TASK OBJECTIVE: In the data below, set down exactly the lines from the one containing "Endüstriyel manzaralar dikkatimizi" up to and including the one containing "Salisbury Apartment |". Leave the pictures out.

SUPPLIED RECORDS:
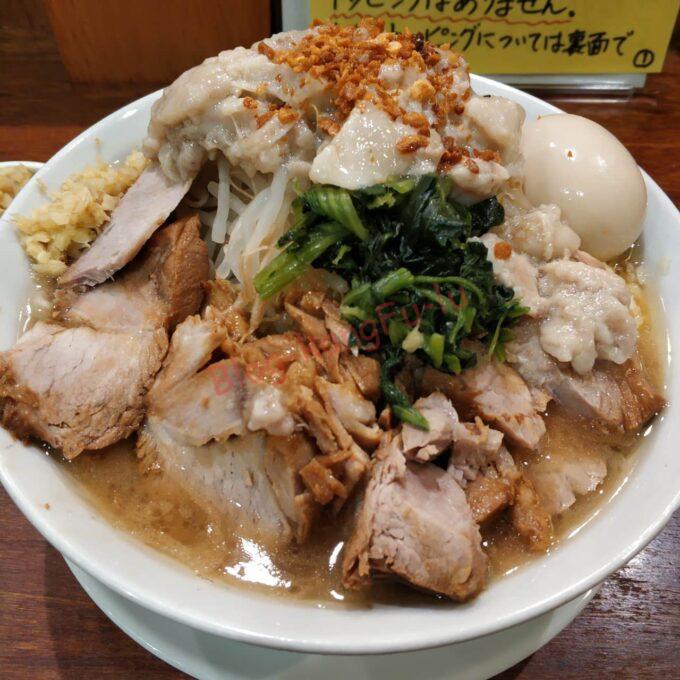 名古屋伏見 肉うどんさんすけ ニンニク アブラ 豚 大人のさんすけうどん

...

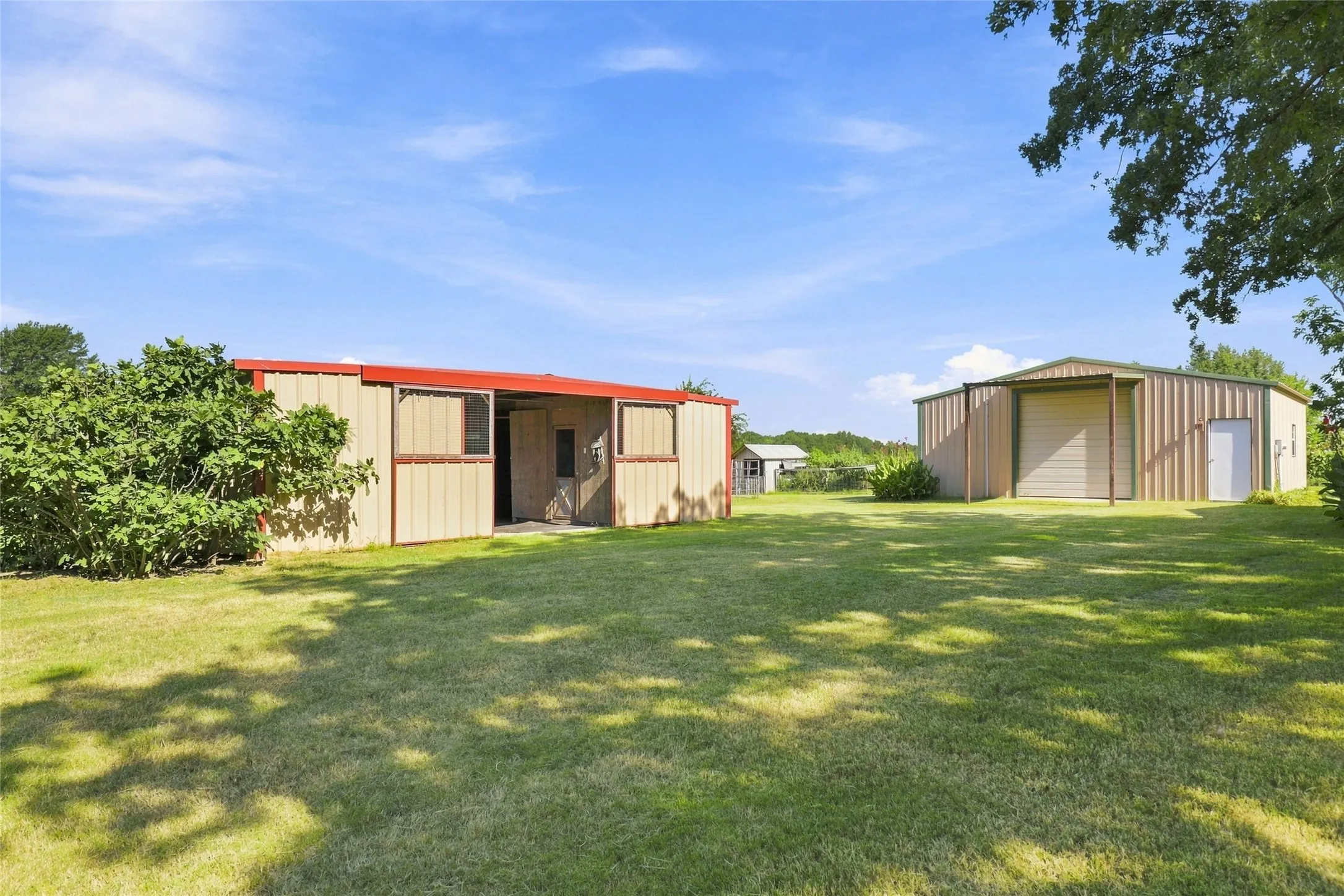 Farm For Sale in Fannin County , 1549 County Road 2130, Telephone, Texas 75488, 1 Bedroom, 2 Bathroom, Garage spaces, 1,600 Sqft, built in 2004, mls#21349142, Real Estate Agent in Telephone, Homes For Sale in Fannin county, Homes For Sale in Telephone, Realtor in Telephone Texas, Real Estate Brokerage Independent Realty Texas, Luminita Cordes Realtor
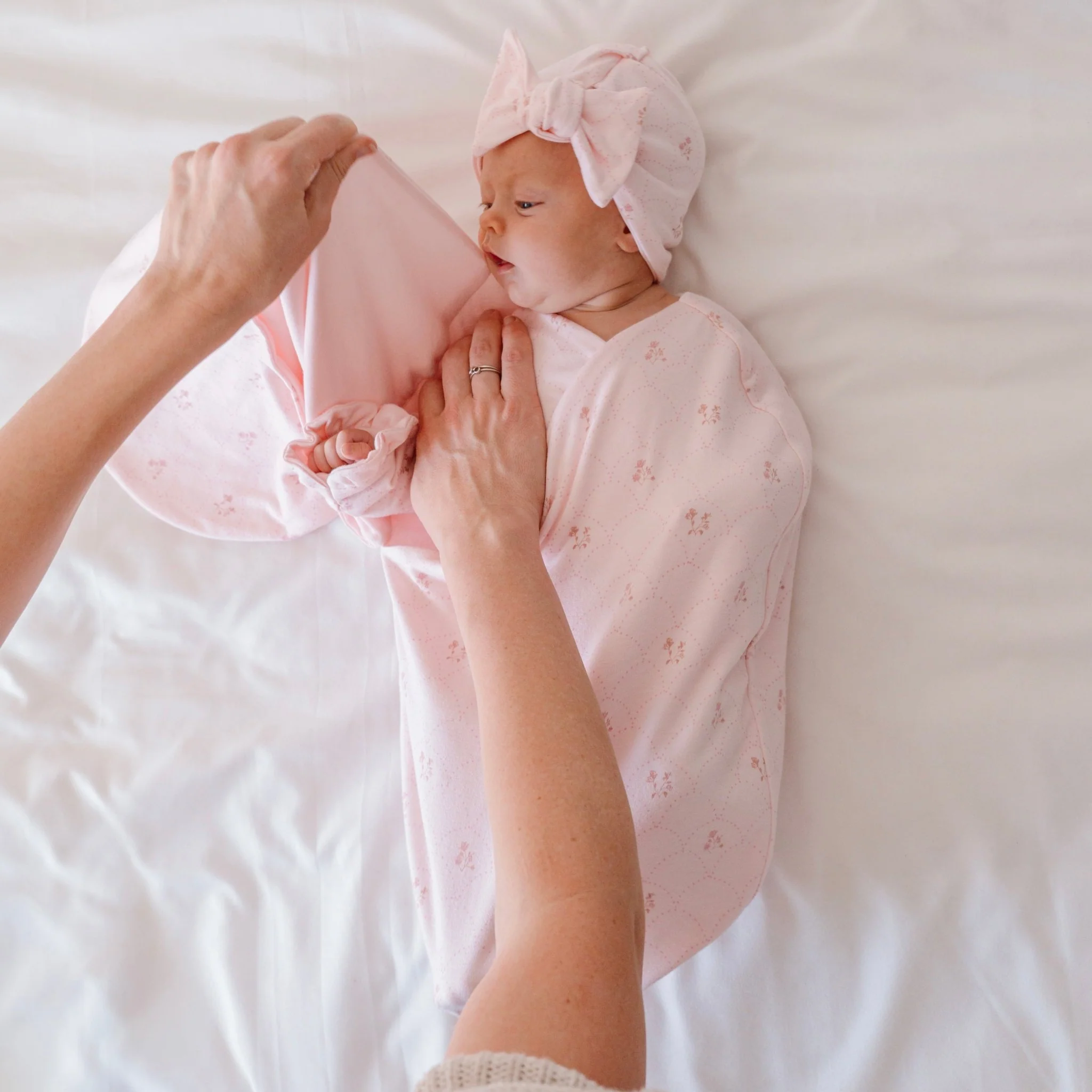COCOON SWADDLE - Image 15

---

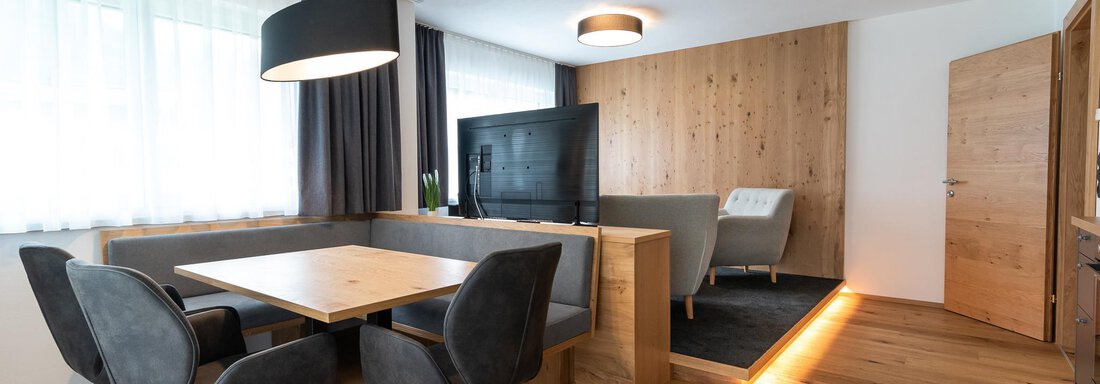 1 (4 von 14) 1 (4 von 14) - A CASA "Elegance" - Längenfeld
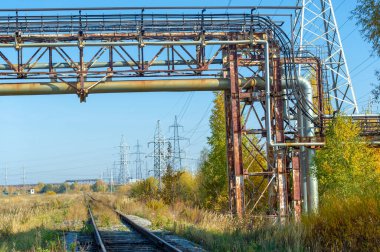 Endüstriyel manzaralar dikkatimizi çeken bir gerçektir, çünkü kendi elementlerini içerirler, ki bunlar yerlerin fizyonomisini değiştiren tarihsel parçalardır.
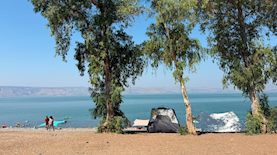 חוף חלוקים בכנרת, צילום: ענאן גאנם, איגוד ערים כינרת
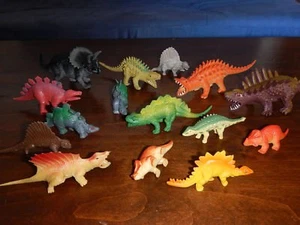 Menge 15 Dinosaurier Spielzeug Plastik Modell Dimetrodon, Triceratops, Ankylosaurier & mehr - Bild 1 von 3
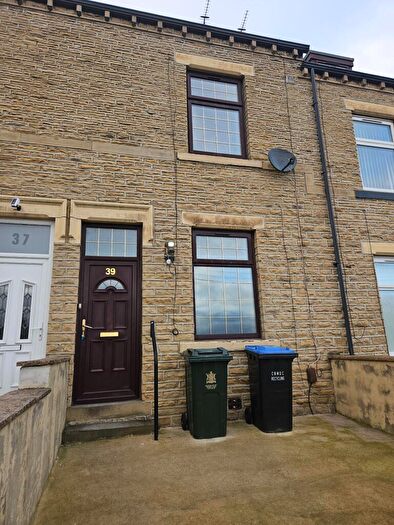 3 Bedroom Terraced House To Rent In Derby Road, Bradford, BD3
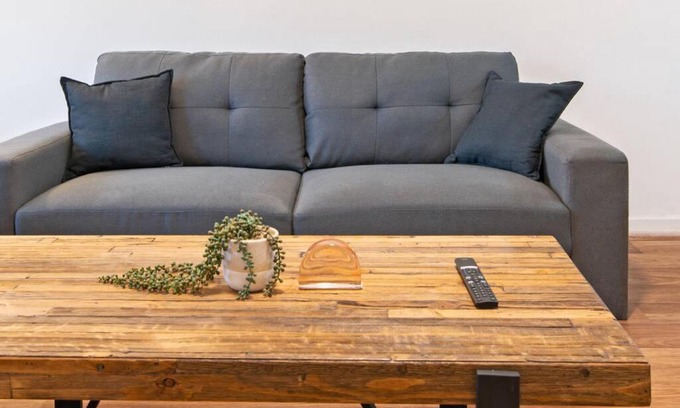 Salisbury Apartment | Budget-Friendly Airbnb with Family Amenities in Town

WORKED SOLUTION:
 Endüstriyel manzaralar dikkatimizi çeken bir gerçektir, çünkü kendi elementlerini içerirler, ki bunlar yerlerin fizyonomisini değiştiren tarihsel parçalardır.
 חוף חלוקים בכנרת, צילום: ענאן גאנם, איגוד ערים כינרת
 Menge 15 Dinosaurier Spielzeug Plastik Modell Dimetrodon, Triceratops, Ankylosaurier & mehr - Bild 1 von 3
 3 Bedroom Terraced House To Rent In Derby Road, Bradford, BD3
 Salisbury Apartment | Budget-Friendly Airbnb with Family Amenities in Town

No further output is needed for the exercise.